Kuytul was involved in a feud with Devlet Bahçeli and Süleyman Soylu. In April 2022, following a raid on Kuytul's Furkan Foundation in Adana, Kuytul claimed that "the MHP completely claimed responsibility for the incident. There is no one who does not know that the police are already completely under the control of the MHP, it was obvious from the mustache of all the policemen who attacked us. They set up a special team, they all agreed and filled the young riot police. They brought those young policemen there and attacked us and abused our rights."

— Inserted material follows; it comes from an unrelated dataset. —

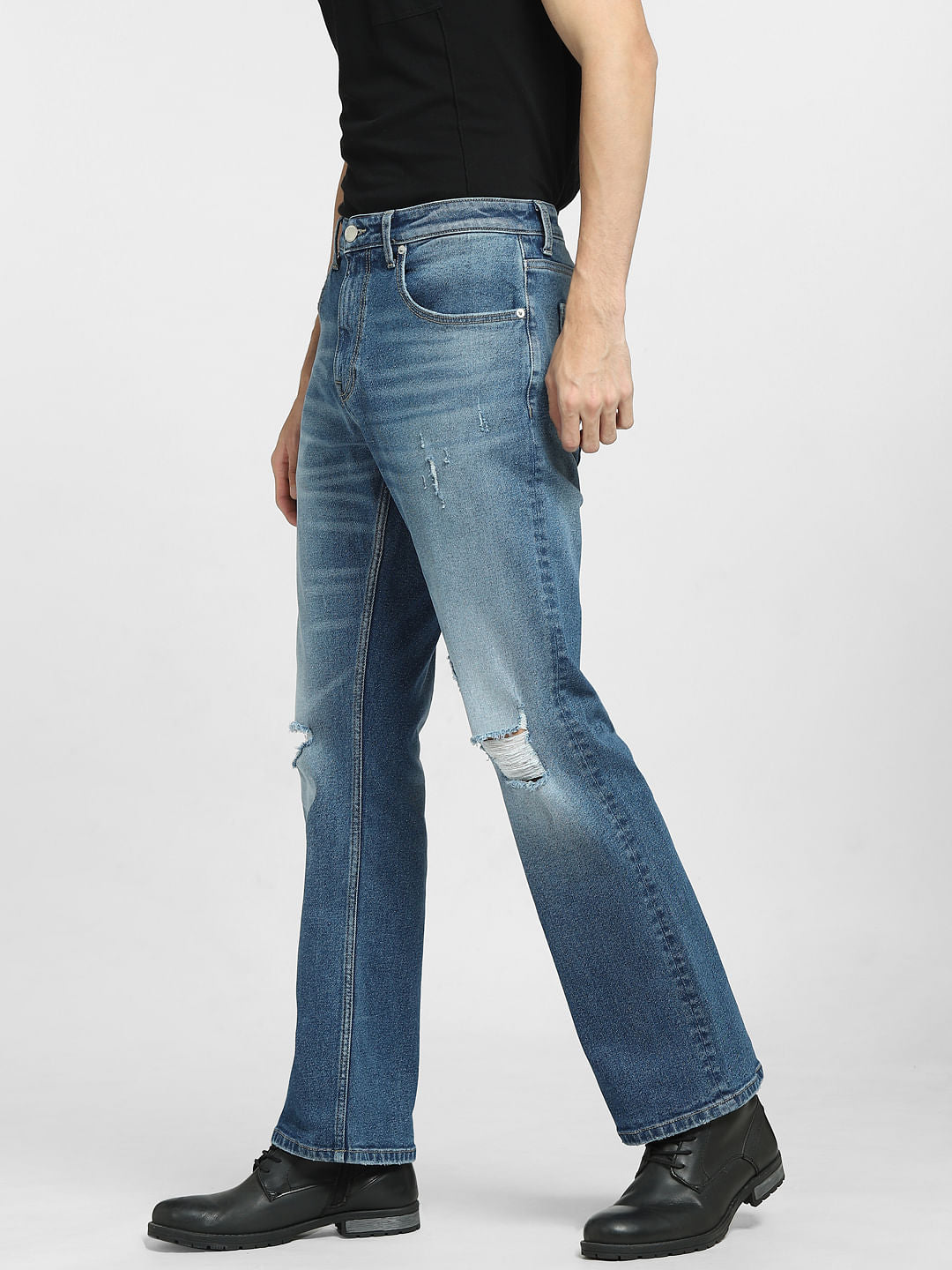 Blue High Rise Distressed Bootcut Jeans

Kuytul is a long-time critic of the Turkish government's policies towards Kurds, and views the oppressive policies towards Kurds as un-Islamic. He supports the recognition of the Kurdish language in Turkey, as well as Kurdish education in schools. He claimed that Kurdish nationalism is reactionary and the only way it would disappear is if Turkish nationalism also disappears and both groups agree on Islam.

He criticised the Republic of Turkey and claimed that it is against Islam due to it being a nation state based on Turks. He also stated that Turkish soldiers who died for the sake of nationalism, racism, or opportunism, do not deserve to be called "şehit". He criticised the Victory Party and accused it of being "the most racist party".

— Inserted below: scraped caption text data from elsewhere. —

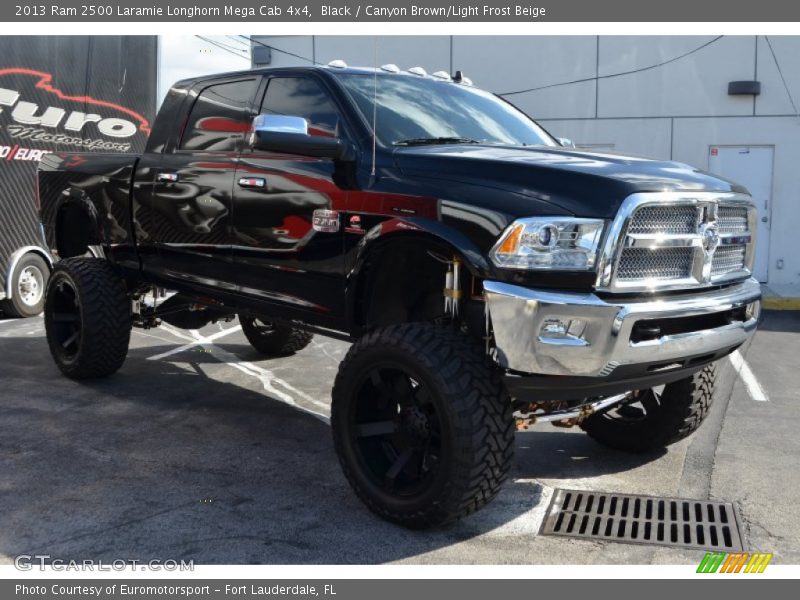 Black / Canyon Brown/Light Frost Beige 2013 Ram 2500 Laramie Longhorn Mega Cab 4x4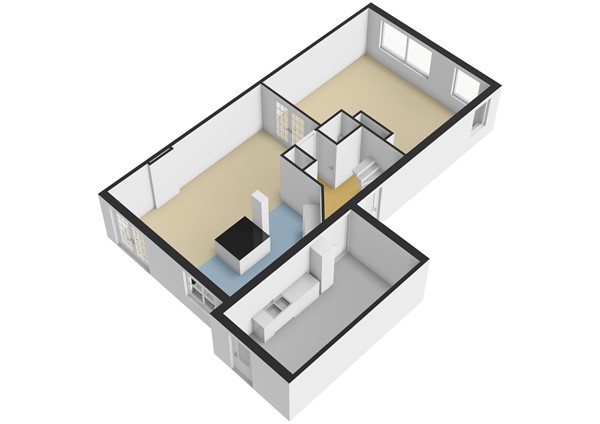 Vlasdreef 1, 3355 BK Papendrecht - Plattegrond BG - 3D - Vlasdreef 1 te Papendrecht.jpg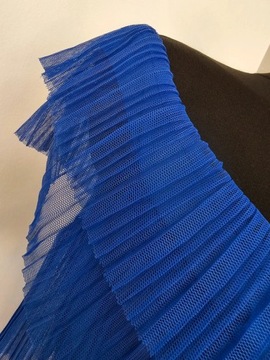 Morgan sukienka mini niebieska tiulowa bandażowa 36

Kuytul was involved in a feud with Cübbeli Ahmet as well. Ahmet, known for his nationalist sentiments and support for Erdoğan, accused Kuytul and the Furkan Foundation of being allied with the PKK and CHP to divide Turkey.

He claimed that any Muslim who works with the United States or Russia will only receive betrayal in the end.

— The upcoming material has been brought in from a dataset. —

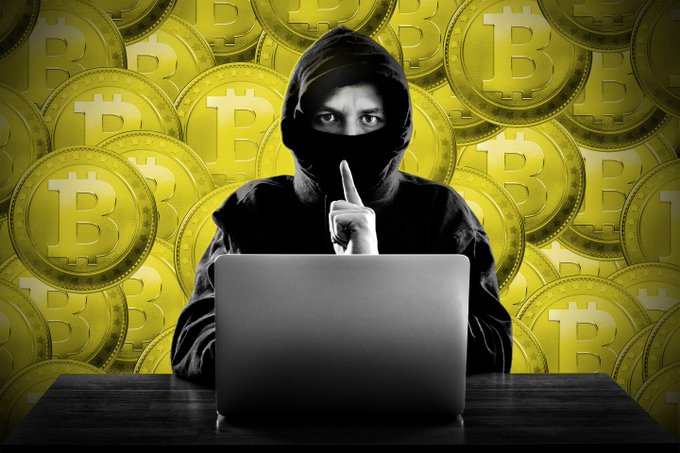 A hooded figure, representing illegal crypto operations, is shown with a finger to their lips in front of a backdrop of Bitcoin symbols, mirroring the news of over 20 arrests for illicit crypto dealings in Russia.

Kuytul criticised the Turkish involvement in the Syrian civil war, and was arrested in February 2018 for criticising the Afrin offensive. He claimed that Turkey's operation in Afrin was motivated only by Anti-Kurdism, and stated "why does Turkey agree with the Arab state in Iraq and Syria at its borders, but does not consent to a Kurdish state? As a Muslim, I am not satisfied with a Kurdish, Turkish or Arab state. I am satisfied with the Islamic state and its civilization. I'm not saying that Turkey should be satisfied with the Kurdish state. I say they are all wrong. If we are Muslims, we will have the understanding of the ummah, not the understanding of race."